My daughter's best friend is too clingy!
Q. My 10 year old daughter has had a best friend for over a year now. However, she is starting to find her a bit clingy. She still likes her but she wants to spread her wings a bit and is not sure how to do this without upsetting her. Any advice?
A. The intensity of ‘best friendships’ can be a double-edged sword – a source of tremendous happiness, but also the cause of real anxiety when things cool off a bit, or the two friends mature at different rates, and therefore begin to want different things.
Quite understandably, your daughter wants to be really kind in separating a bit, and it would certainly be kinder if the impetus for this separation isn’t seen as coming from her. You can do a lot to help mastermind this, and she will benefit from your help. Start looking at times when they meet outside school, and think about cutting these down. There may be all sorts of reasons which you can find to need your daughter at home more, or out with you more often – family always takes precedence over friendships, after all. If your daughter is able to say to her friend, for example, that she is sorry she can’t see her after school on eg Thursdays now because you want her to do something else, then you will start to break the dependence.

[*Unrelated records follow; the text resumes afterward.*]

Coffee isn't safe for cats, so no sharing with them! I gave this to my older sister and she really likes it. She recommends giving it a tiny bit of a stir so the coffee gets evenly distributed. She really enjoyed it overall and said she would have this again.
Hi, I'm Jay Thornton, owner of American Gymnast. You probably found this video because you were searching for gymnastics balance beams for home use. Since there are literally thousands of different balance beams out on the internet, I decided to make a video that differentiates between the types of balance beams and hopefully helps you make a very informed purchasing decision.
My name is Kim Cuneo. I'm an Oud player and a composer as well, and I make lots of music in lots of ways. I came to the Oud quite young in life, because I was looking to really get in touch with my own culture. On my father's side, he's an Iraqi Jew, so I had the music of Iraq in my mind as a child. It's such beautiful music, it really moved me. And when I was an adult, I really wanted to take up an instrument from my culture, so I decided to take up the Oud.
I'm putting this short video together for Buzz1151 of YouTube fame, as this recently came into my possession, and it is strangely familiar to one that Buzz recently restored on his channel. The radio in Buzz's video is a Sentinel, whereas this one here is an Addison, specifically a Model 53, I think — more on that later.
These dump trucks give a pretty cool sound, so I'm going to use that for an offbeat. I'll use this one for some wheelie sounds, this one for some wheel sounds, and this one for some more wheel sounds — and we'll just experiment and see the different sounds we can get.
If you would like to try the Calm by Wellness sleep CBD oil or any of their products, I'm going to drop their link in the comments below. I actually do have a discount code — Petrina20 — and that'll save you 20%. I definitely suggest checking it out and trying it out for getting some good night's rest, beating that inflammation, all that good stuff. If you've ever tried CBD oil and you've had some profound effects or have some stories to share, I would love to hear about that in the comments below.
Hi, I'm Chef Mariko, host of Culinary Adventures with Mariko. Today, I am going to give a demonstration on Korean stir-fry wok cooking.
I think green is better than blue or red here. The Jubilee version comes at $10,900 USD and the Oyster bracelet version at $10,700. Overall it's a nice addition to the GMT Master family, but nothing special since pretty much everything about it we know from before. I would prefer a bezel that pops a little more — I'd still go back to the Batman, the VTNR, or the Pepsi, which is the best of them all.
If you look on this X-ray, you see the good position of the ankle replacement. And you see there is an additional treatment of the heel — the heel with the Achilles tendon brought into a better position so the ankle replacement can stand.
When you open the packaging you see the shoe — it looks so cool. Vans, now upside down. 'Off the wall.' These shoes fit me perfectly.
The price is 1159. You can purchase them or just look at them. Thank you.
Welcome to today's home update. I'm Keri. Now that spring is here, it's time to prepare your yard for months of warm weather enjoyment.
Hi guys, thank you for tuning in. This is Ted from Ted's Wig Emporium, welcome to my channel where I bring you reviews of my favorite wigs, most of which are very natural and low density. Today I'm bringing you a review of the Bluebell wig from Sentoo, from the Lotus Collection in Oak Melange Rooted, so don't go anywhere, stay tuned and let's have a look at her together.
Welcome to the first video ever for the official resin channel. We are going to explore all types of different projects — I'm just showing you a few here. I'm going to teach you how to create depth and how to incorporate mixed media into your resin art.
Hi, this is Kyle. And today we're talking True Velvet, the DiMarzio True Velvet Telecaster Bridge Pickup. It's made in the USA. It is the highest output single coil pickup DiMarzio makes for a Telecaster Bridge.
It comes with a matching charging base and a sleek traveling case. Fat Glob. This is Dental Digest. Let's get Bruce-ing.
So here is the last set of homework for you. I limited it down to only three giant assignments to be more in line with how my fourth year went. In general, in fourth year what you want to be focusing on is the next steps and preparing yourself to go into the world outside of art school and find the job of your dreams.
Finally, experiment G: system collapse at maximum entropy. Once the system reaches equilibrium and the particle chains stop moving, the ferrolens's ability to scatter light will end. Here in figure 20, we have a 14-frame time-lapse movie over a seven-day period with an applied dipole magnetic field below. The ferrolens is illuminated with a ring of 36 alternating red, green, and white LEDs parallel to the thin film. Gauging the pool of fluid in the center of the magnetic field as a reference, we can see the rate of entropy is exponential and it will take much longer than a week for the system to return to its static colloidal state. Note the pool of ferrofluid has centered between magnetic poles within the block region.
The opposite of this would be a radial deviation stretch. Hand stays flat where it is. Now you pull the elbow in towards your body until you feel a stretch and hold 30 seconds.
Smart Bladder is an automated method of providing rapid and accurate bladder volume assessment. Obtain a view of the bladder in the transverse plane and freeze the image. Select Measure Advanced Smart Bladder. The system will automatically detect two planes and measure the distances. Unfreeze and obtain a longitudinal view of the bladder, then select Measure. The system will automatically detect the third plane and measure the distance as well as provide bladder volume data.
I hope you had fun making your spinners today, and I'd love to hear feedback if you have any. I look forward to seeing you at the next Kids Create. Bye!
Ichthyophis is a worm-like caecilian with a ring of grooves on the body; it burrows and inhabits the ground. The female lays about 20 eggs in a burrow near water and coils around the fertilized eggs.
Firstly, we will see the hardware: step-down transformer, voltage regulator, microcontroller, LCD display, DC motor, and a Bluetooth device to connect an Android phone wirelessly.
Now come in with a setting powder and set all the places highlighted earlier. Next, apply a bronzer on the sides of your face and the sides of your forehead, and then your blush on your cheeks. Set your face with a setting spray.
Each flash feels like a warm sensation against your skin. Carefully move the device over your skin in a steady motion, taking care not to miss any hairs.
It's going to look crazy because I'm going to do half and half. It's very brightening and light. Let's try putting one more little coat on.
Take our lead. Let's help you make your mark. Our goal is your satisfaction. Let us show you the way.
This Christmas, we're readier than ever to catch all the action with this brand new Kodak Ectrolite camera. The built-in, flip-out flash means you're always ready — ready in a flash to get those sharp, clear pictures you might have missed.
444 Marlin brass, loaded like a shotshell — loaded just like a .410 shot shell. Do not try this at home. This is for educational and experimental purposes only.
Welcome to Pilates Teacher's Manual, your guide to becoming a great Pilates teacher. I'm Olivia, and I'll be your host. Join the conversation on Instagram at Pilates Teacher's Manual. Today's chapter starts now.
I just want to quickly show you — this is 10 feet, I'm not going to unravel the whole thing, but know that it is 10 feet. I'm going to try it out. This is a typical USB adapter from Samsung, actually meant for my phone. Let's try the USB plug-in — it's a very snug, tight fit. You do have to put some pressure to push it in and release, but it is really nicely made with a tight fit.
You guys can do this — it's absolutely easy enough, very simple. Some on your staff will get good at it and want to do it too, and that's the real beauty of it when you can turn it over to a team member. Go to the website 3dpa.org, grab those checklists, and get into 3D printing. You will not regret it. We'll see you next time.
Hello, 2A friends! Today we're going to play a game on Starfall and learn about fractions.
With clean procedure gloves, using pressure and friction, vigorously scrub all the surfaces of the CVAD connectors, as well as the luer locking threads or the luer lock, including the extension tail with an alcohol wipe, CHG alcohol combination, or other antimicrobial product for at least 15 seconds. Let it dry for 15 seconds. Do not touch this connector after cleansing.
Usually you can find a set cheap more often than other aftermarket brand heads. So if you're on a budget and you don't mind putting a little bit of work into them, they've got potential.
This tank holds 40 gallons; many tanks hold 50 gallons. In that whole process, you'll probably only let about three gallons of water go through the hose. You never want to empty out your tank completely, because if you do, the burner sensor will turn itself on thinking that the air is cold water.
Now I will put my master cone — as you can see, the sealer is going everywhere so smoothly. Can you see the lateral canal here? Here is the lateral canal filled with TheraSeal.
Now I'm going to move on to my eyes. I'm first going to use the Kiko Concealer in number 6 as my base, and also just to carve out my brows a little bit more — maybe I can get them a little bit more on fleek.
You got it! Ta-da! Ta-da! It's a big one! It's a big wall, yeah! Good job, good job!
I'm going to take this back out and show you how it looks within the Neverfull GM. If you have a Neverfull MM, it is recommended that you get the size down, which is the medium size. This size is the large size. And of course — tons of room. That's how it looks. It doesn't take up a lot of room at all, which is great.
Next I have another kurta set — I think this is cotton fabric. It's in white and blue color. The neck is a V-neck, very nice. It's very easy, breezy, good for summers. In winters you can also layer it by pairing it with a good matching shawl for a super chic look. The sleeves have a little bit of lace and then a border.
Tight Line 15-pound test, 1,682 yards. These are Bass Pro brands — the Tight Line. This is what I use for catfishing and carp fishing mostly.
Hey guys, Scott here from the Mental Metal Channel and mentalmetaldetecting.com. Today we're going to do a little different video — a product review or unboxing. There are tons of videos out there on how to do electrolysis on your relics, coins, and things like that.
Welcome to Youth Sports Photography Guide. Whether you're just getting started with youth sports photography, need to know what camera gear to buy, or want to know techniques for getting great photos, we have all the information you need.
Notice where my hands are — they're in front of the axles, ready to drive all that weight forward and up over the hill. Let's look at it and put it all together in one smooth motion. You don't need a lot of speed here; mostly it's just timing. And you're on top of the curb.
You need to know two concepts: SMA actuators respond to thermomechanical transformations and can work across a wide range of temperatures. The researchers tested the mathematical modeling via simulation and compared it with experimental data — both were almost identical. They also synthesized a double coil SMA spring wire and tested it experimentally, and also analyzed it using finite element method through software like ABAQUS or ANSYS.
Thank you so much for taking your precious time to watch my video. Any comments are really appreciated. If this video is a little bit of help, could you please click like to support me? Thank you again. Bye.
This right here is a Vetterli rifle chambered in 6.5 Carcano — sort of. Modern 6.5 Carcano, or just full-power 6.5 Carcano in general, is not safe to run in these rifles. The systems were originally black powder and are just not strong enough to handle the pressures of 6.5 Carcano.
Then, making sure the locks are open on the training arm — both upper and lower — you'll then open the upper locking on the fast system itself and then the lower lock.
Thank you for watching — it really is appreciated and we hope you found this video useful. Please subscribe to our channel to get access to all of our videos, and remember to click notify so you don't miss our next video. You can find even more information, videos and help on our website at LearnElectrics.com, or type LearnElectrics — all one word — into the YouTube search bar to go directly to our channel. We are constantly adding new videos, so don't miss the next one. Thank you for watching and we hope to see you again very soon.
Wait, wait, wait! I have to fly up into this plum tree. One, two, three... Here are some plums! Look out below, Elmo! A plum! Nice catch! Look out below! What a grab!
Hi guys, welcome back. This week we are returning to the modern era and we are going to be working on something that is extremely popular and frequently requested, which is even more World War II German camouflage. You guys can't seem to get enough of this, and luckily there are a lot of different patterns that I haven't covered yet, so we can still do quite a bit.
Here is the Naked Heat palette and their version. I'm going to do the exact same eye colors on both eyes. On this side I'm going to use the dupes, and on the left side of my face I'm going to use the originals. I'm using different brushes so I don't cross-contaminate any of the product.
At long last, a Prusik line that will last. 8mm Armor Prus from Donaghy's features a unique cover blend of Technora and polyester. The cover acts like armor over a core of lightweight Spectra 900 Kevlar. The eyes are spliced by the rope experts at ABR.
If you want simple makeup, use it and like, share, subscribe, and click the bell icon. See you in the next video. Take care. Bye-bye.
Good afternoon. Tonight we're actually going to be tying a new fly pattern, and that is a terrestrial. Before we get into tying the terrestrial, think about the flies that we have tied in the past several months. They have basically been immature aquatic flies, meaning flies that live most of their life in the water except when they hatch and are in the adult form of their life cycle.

Talk to your daughter’s school, as well, as they will be able, unobtrusively, to engineer things so that your daughter and her friend are not always together, and are put in different groups and perhaps do different activities, so that they spend more and more time with others. Together, these strategies, with everyone working diplomatically in the background, will ease their separation and yet should mean that they can remain really good friends – the ideal outcome.